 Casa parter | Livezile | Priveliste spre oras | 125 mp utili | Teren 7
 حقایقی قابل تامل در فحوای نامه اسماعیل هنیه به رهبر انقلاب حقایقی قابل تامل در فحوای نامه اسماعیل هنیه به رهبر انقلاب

---

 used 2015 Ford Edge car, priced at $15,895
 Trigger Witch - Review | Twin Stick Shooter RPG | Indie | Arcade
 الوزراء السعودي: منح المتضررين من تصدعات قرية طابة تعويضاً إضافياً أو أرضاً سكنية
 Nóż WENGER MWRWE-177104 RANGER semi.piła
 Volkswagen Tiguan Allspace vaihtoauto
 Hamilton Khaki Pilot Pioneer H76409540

__Task directions__
Out of the material above, output word for word the line with "الوزراء السعودي: منح", the line with "Hamilton Khaki Pilot Pioneer H76409540", and all lines between them, with nothing else.

__Output of the exercise__
 الوزراء السعودي: منح المتضررين من تصدعات قرية طابة تعويضاً إضافياً أو أرضاً سكنية
 Nóż WENGER MWRWE-177104 RANGER semi.piła
 Volkswagen Tiguan Allspace vaihtoauto
 Hamilton Khaki Pilot Pioneer H76409540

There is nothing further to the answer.